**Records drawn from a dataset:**

###

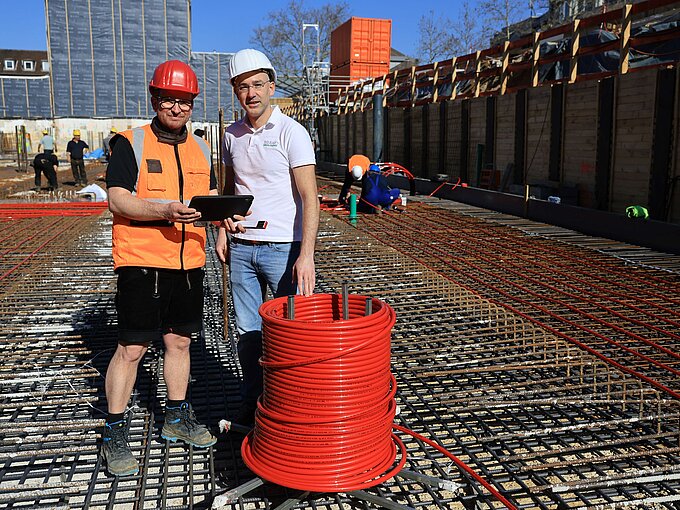 Bauarbeiter auf Baustelle mit Helm und Tablet vor Stahlkonstruktion, rote Kabelspule im Vordergrund.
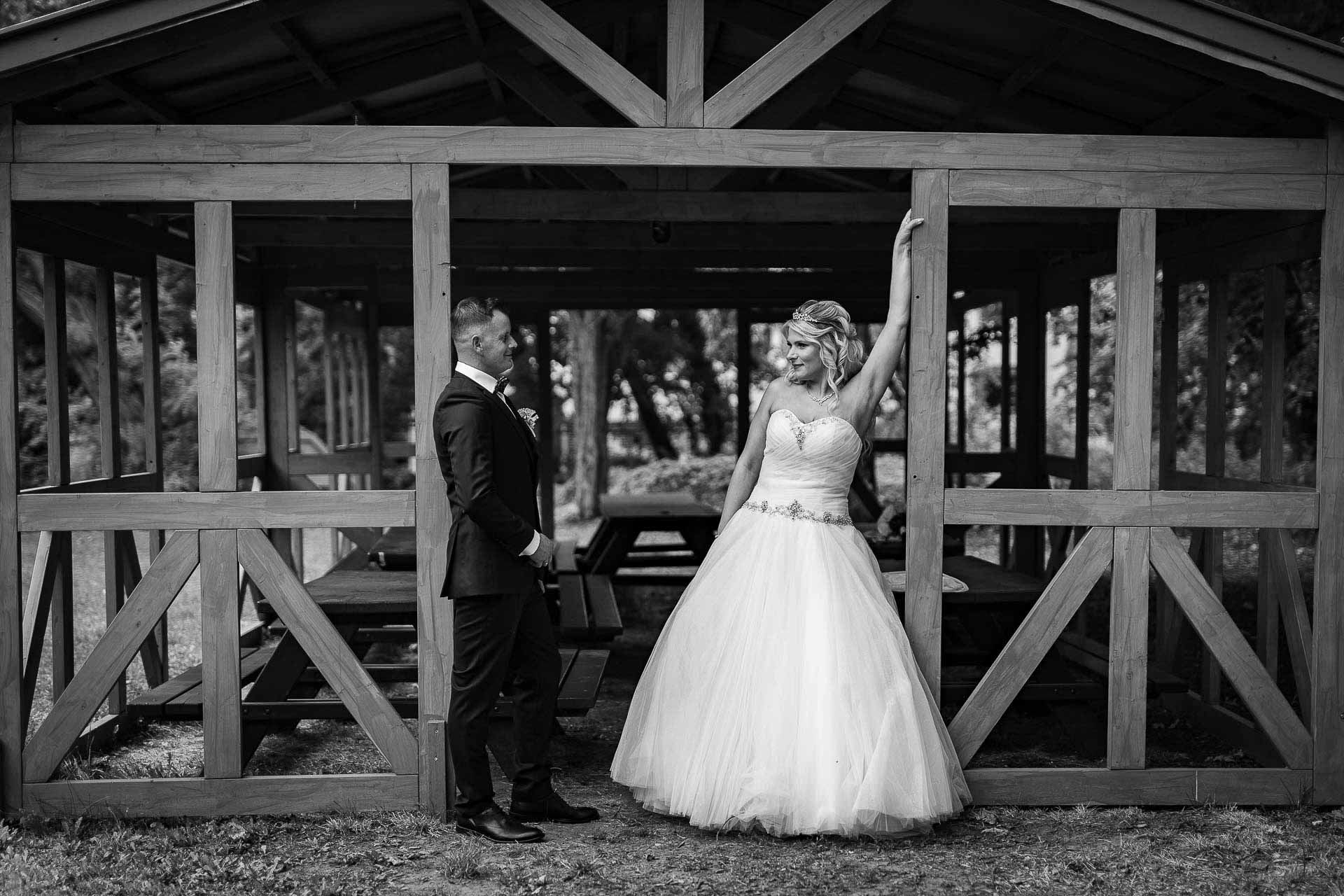 Black and white wedding portraits taken under a rustic wooden pavilion structure.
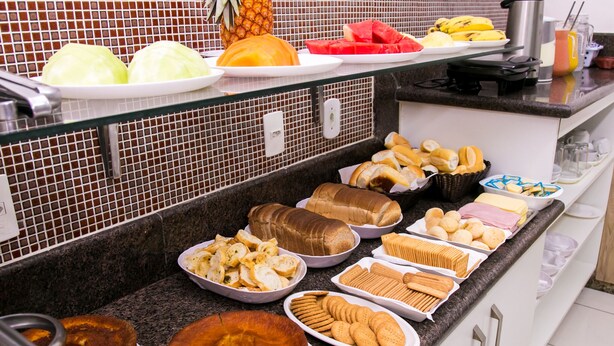 A buffet with various food items including fruits, bread, and pastries. - GV Park Hotel (Governador Valadares)
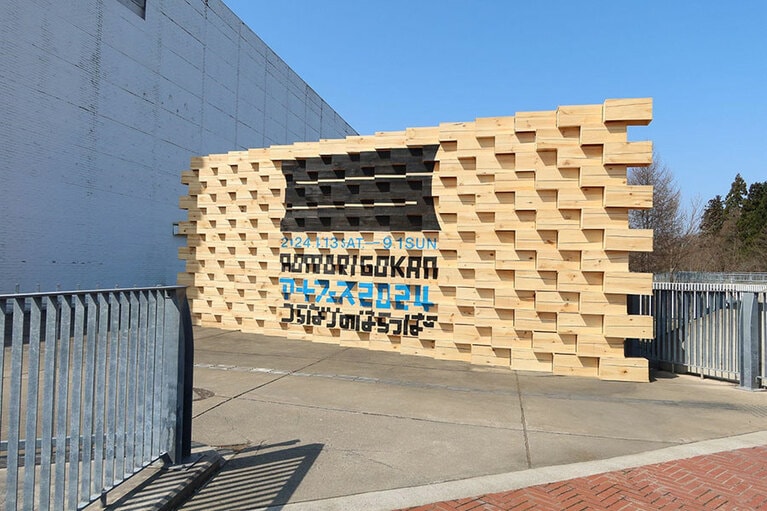 りんご箱を活用したオブジェが出迎える。青木淳《つらなりのはらっぱ のための壁》2024年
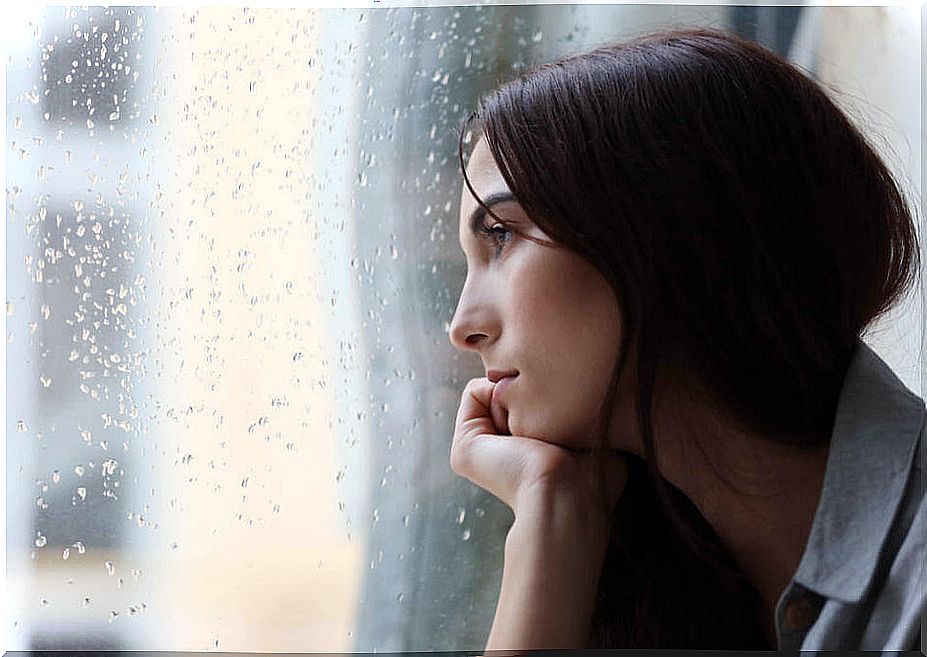 Woman staring out of a window with rain on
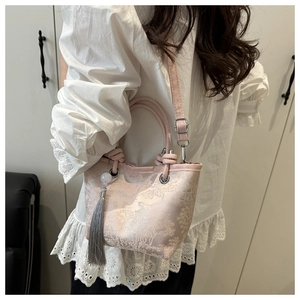 Detail of pink embroidered bucket bag with traditional scenery and grey tassel charm
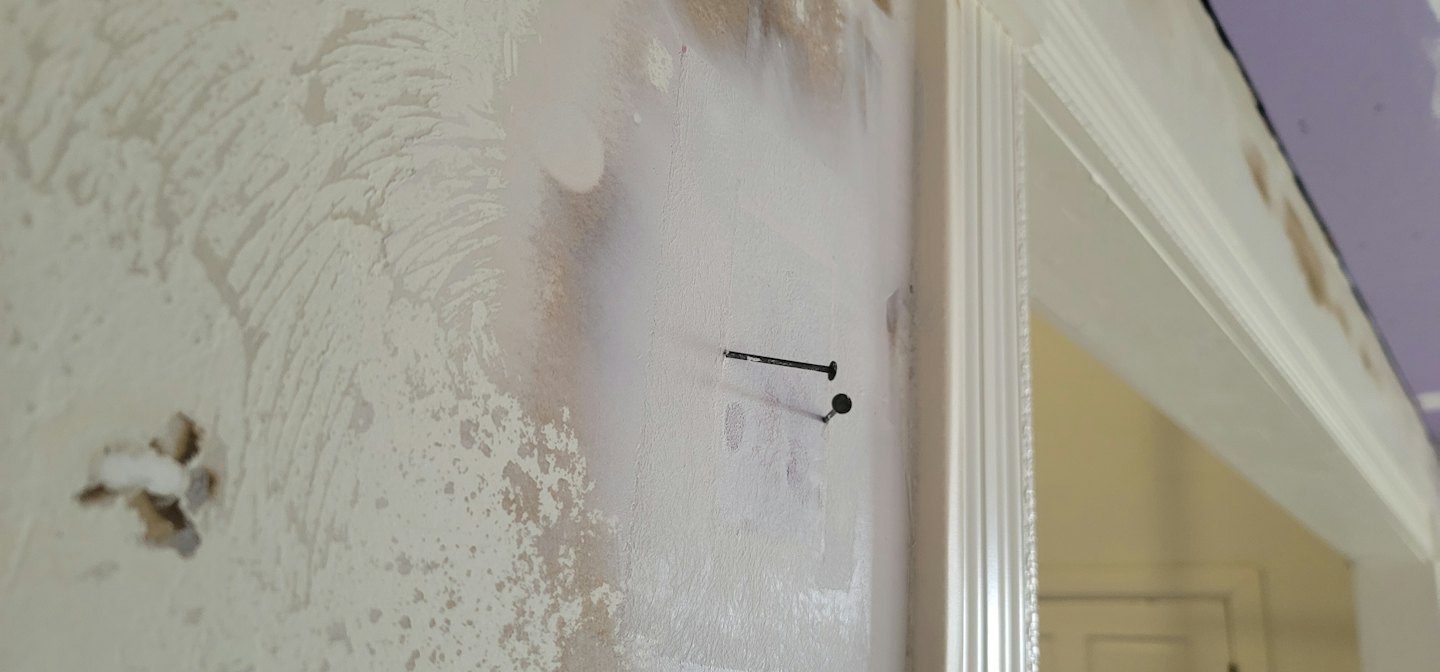 An interior wall with patches of fresh primer and protruding nails.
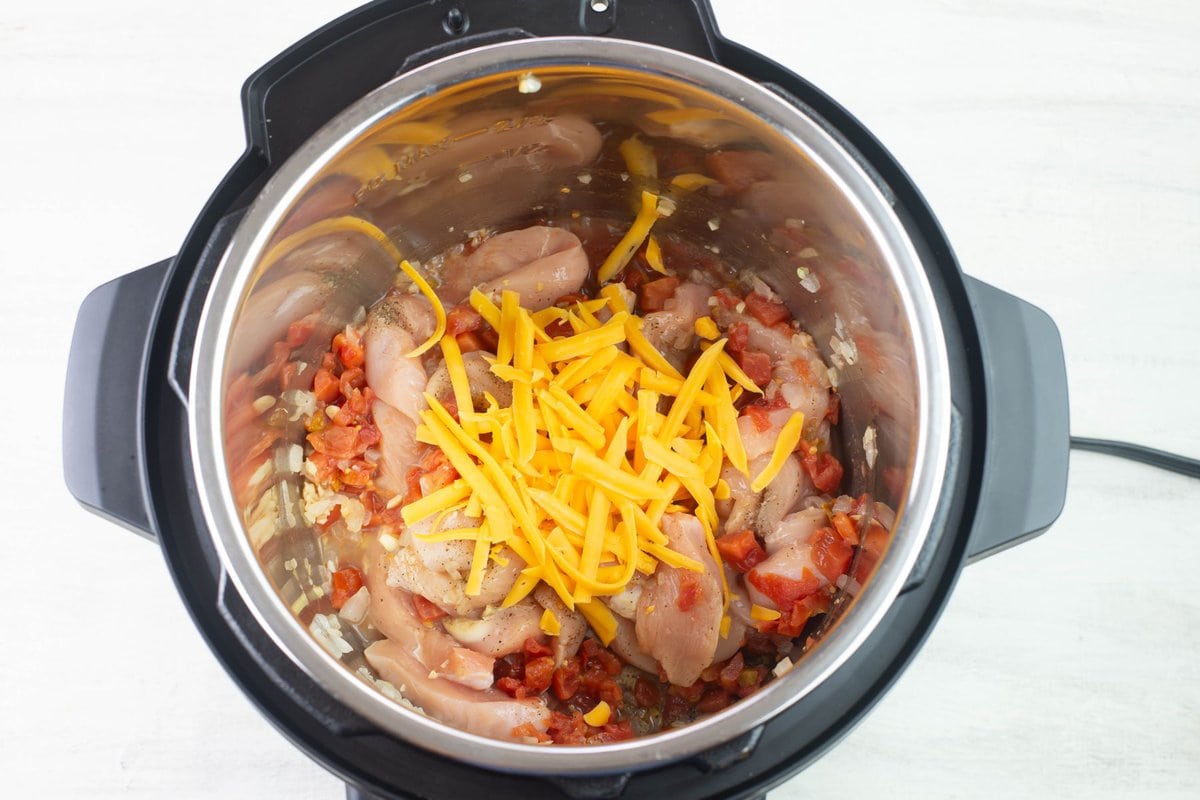 Layering the chicken, rotel, and cheddar cheese in the pot.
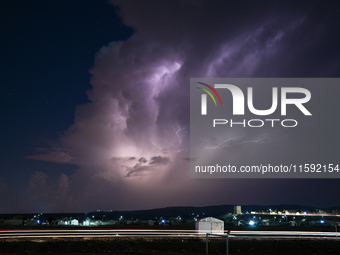 A lightning bolt illuminates the sky over northwest Syria, above the refugee camps, on September 20, 2024. The horizon flashes with the ligh...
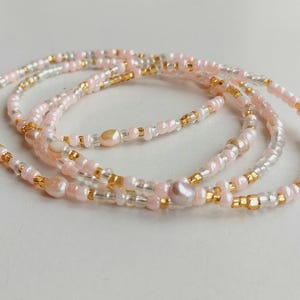 May include: Delicate beaded jewelry featuring strands of pink, gold, and clear beads. The strands are intertwined, creating a layered effect. The beads are small and round, with a mix of colors and textures. The jewelry is likely a waist bead or bracelet.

###

**Problem to work on:**
In the copy, include exactly the lines from the one containing "Layering the chicken, rotel, and" through the last line of the records, and no pictures or other text.

**Output of the exercise:**
 Layering the chicken, rotel, and cheddar cheese in the pot.
 A lightning bolt illuminates the sky over northwest Syria, above the refugee camps, on September 20, 2024. The horizon flashes with the ligh...
 May include: Delicate beaded jewelry featuring strands of pink, gold, and clear beads. The strands are intertwined, creating a layered effect. The beads are small and round, with a mix of colors and textures. The jewelry is likely a waist bead or bracelet.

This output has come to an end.